Last night my son and his baseball buddies played their first game of 8U coach pitch. It is a new season, a new league, and a new set of rules. They can steal bases, which is great offensively but also requires more strategic understanding defensively. They have more to be aware of in the field, and when on the offensive side, their success lies in keeping their eyes and ears locked in to their base coaches, not what is happening in the field, in the dugout, or the stands.
The top half of the first inning was brutal. The other team was batting (and boy could they bat!) and our boys seemed jittery and confused by the new level of play. The parents (myself included) seemed to settle back in preparation for a tough game and a new season with a significant learning curve.
But then the boys seemed to take a deep breath, look around, make eye contact with the coaches and started to play the "new" game. Not without mistakes, but with new resolve. In the span of one inning, they seemed to understand that what made them successful in the last season was not the same thing that would make them successful in this season. They had to depend on their coaches and each other to make the adjustments needed to stay in the game.
They came from behind and won. It didn't take them an entire season to figure it out. They didn't dig in their heels and demand to play by the old season's rules. They realized they could be contenders if, and only if, they were willing to keep learning the game.
American philosopher Eric Hoffer once said, "In times of change, learners inherit the earth while the learned find themselves beautifully prepared for a world that no longer exists."
To be a continuous learner requires humility. We don't grow beyond our willingness to be taught, stretched, and challenged. Cockiness says, "I know it already!" but humility is that chord in us that admits, "The more I know, the more I realize I don't know."
A new season is upon us as believers. It is a new game, in a new league, with new rules. The field of play is different. Like the boys locked eyes with their coaches for direction, will we lock eyes with Jesus for our direction?
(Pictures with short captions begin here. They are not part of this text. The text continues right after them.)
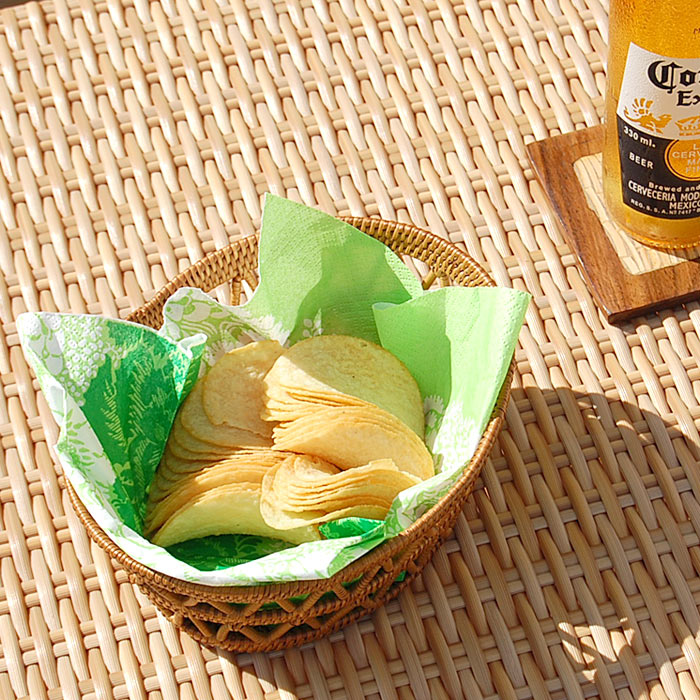 楽天市場】アタで編まれた楕円形の アジアン ラティスバスケット 小物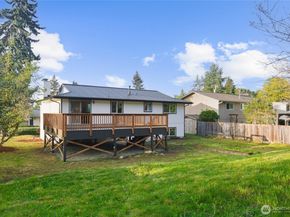 1204 E Laurel Street, Kent WA 98030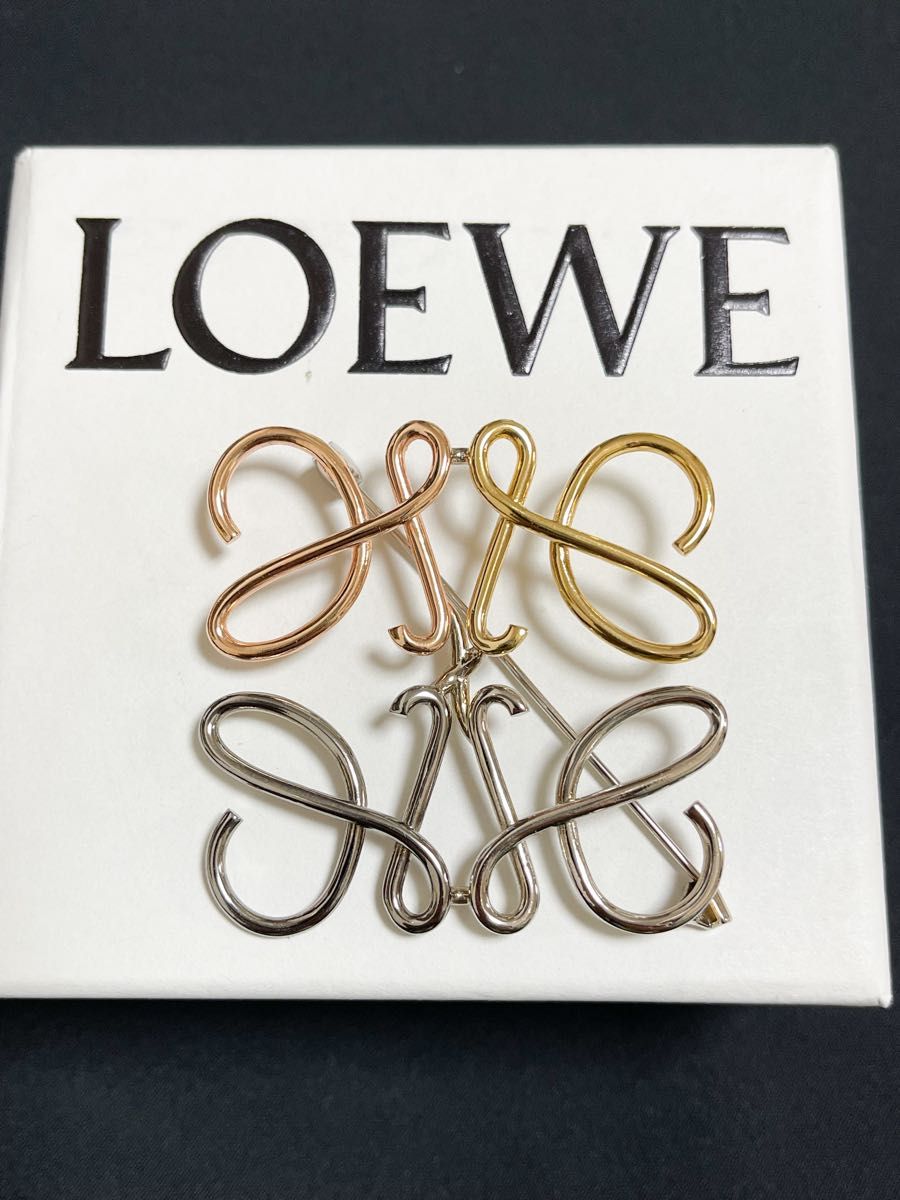 LOEWE ブローチ ロエベ アナグラム マルチカラー|Yahoo!フリマ LOEWE ブローチ ロエベ アナグラム マルチカラー|Yahoo!フリマ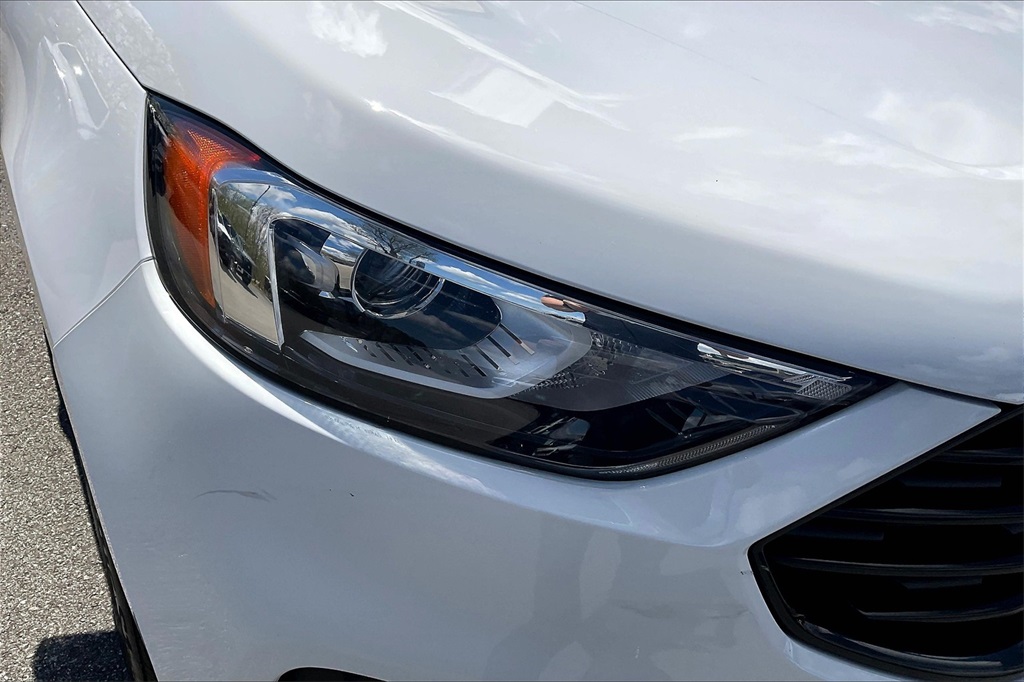 2022 Ford Edge SE - Photo 28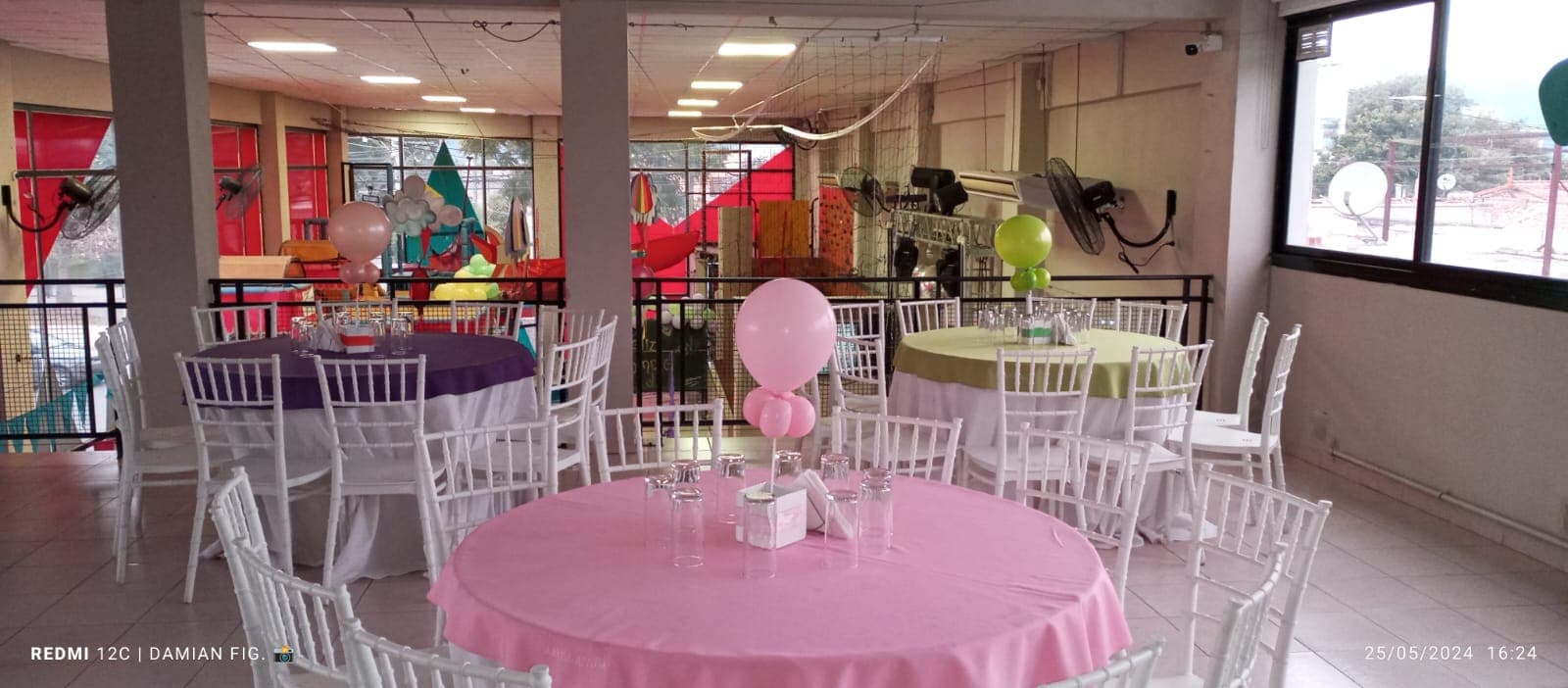Salón infantil Maryland con pelotero, globos, torta y candy bar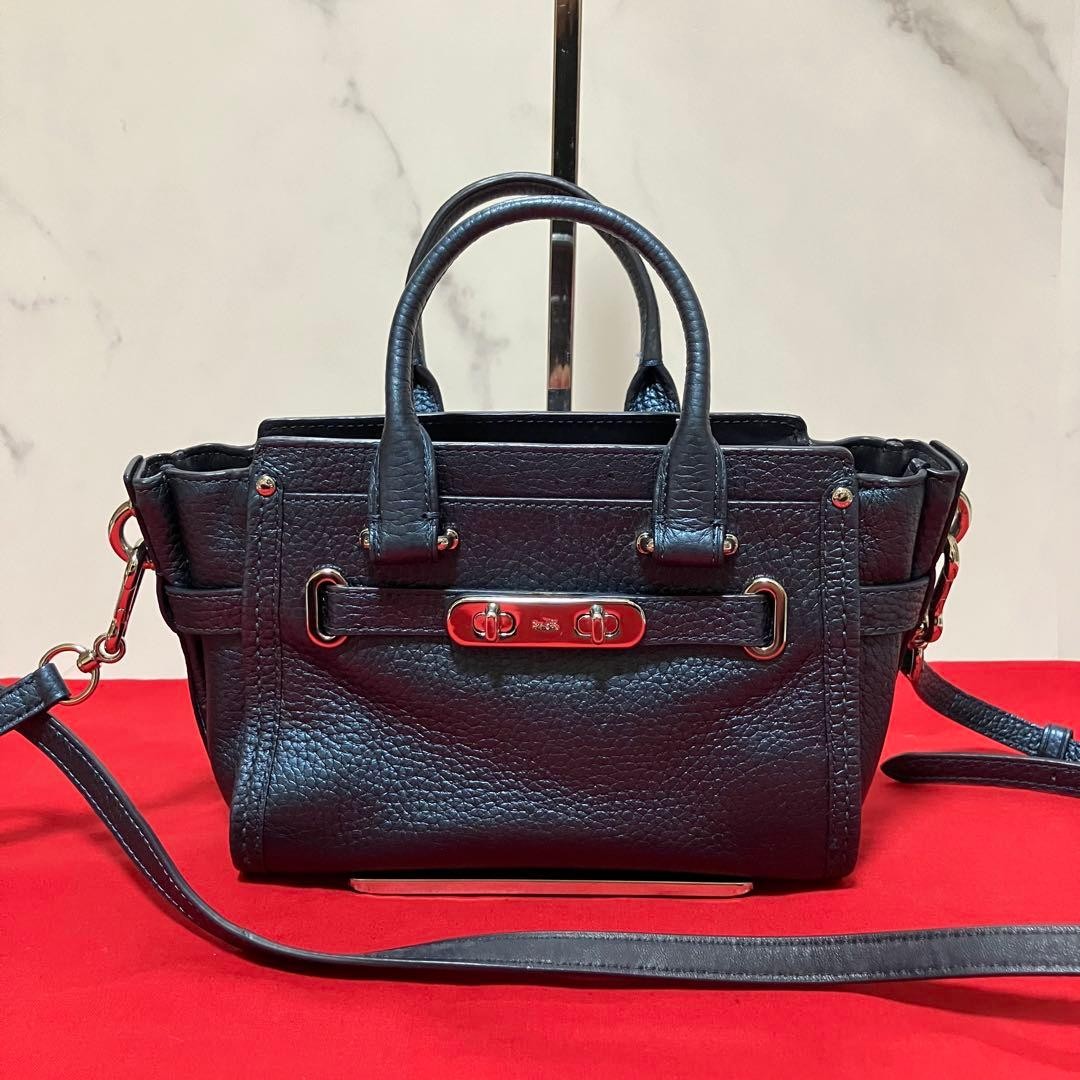 Extreme Item COACH Swagger 20 2way Shoulder Bag Metallic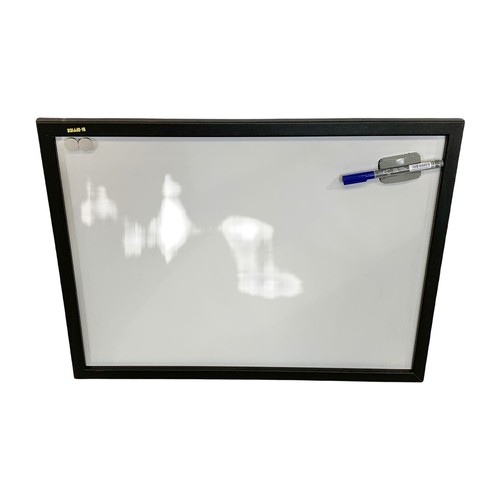 650 - 2 magnetic whiteboards with 2 framed clipboards, 60cm x 45cm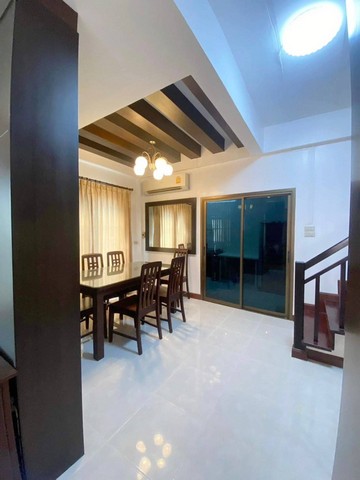 ให้เช่าบ้านแฝด 2 ชั้น น่าอยู่ บ้านเช่าเลี้ยงสัตว์เล็กได้ ทำเลBTSอุดมสุขปุณณวิถี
Will we spend this season white-knuckling the strategic ways of last season, and thereby miss what God has for us here, or will we open ourselves to the new revelations God is sending forth for our success in this season?
Behold, the former things have come to pass, and new things I declare; before they spring forth I tell you of them! (Isaiah 42:9)
Resistance is futile. But thriving isn't. Embracing the new means we recognize we don't yet know what we don't know, but that the Lord is faithful to supply us with the supernatural wisdom we each need to successfully navigate the new times. As we follow His lead, we will increasingly find ourselves set apart and positioned as people thriving in the midst of unusual times, and therefore establish new and wider platforms to share the truth, love, and salvation of Jesus to a confused world.